Actually, if you look at casualties that only involved the people in the plane(s), it still is the deadliest aviation accident, followed by JAL123 in 1985 (deadliest single-airplane accident).

I have read a lot about the Tenerife accident, and I am still amazed at the chain of events that ended up in catastrophe. It is a very sad but utterly fascinating story.

When KLM heard about the crash, they called for their best pilot to head the investigation. The pilot who wasliterally the poster boy for KLM.

Turns out her was already there. First to the scene of the accident.:eek:

The Pan Am pilot stories were the scariest - after the collision, they reached up to turn off switches, and there was no panel overhead! That’s how close they came!

I saw a special on the crash, filmed like 20 years after. You could still find parts on the ground.

That’s bizarre. I made essentially the same post as JAQ, saw it in the thread, and now it’s gone…

And it’s certainly the deadliest accident, since there was nothing accidental about 9/11.

Are there any videos or interviews with the survivors? That would be interesting to watch.

Deadliest or not, how sensible is it to have a runway active with planes taking off and landing, when no one can see the end of the runway, the middle of the runway, the start of the runway, the planes that are on the runway, near the runway, or even 500 ft in front of you?

Nova had The Deadliest Plane Crash. (I did not pay $52!)

Discovery Channel had an episode of the crash series Mayday about the incident.

It wasn’t, but it was a unique situation.
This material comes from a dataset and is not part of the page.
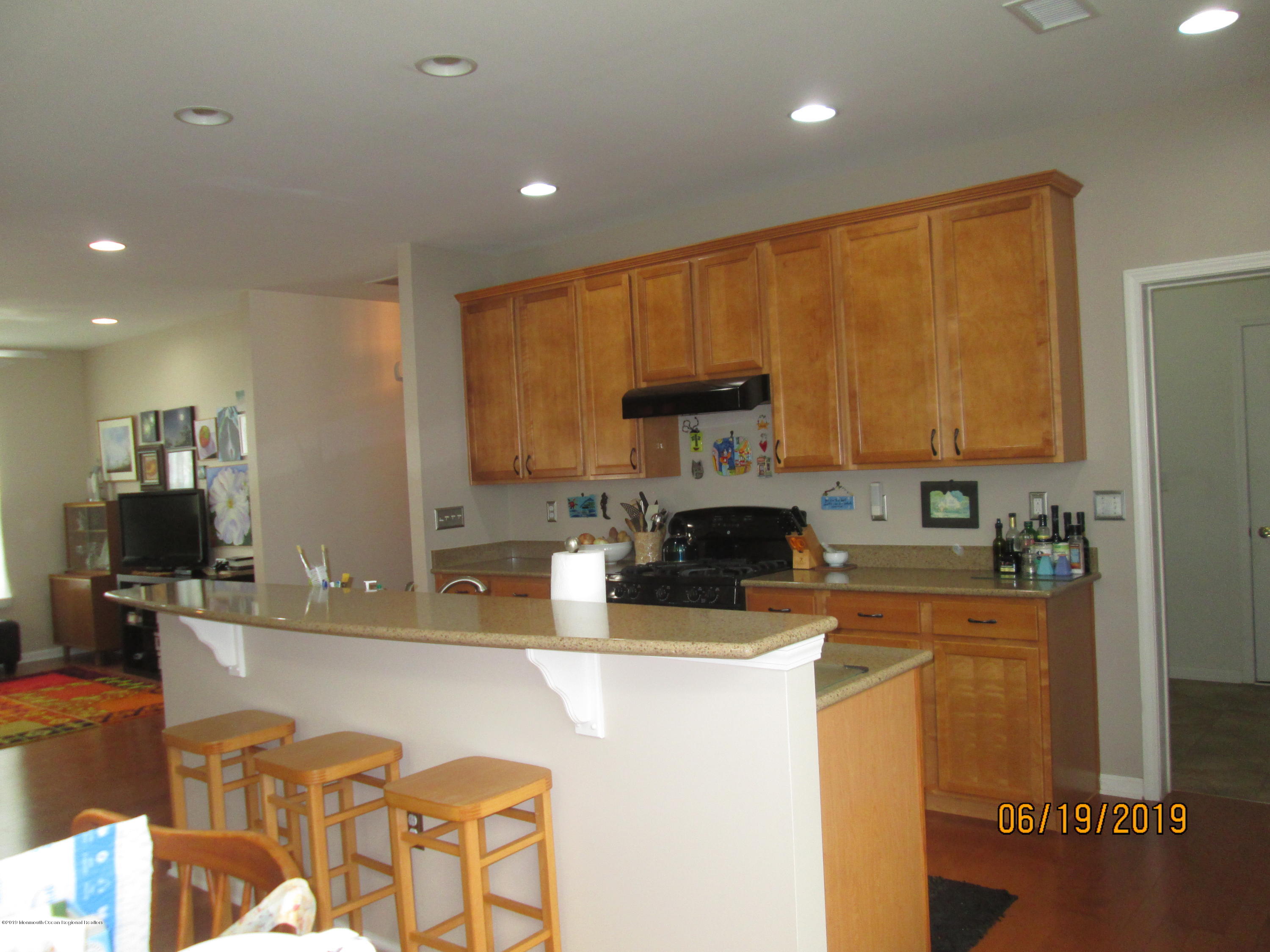 6 Sutfield Road Jackson, NJ 08527 - Photo 22 of 37 IMG_1144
That wasn’t standard procedure. There were a lot of planes there because a terrorist act had diverted all the traffic to Tenerife. The airport never sees that much traffic normally.

Several. Just go to Youtube and search for Tenerife 1977 or something similar, for example:

That ceiling panel includes engine shut-off controls. That’s why, as the survivors of the Pan Am flight were evacuating over the starboard-side (unaffected) wing, engines were still running. :eek: Thankfully, no one got into an intake.

The Wikipedia article gives all the details, but the short answer is it was not at all a normal day. As JAQ notes, the airport was extremely crowded that day because of all the diverted planes; many of the planes were parked on the taxiway, requiring any departing aircraft to taxi down the runway to get into position for takeoff.

In addition, that particular airport apparently has unusually variable weather conditions, with dense ground-level clouds and clear air changing places at a rapid pace. The KLM plane had taxied down the runway in good visibility conditions, but at the far end of the runway, visibility started to turn crummy just as the Pan Am plane started taxiing, and quickly got much worse for them. At that point, there was nothing they could do but keep track of where the planes were with voice commands, i.e. Pan Am was supposed to call out on the radio as they passed specific runway exits on their way to their assigned exit c-3. They did so, but missed exit c-3 (the exits weren’t labeled) and continued toward exit c-4; that, plus Van Zanten incorrectly believing that the runway was clear and that he had takeoff clearance, set them on a collision course.

Tenerife was an accident

9/11/2001 was a delibrate

It is entirely accurate to say that Tenerife was the worst aviation accident in history to date.

It’s also accurate to say that the “deadliest aviation incident” occurred on 6 Aug 1945.

The Tokyo firebombing of March 9-10 1945 actually killed more people than either of the two atomic bombs dropped on Japan. The March 9-10 bombing is believed to have killed over 100,000 people, and perhaps as many as 200,000 (many bodies were completely obliterated, making an exact count impossible).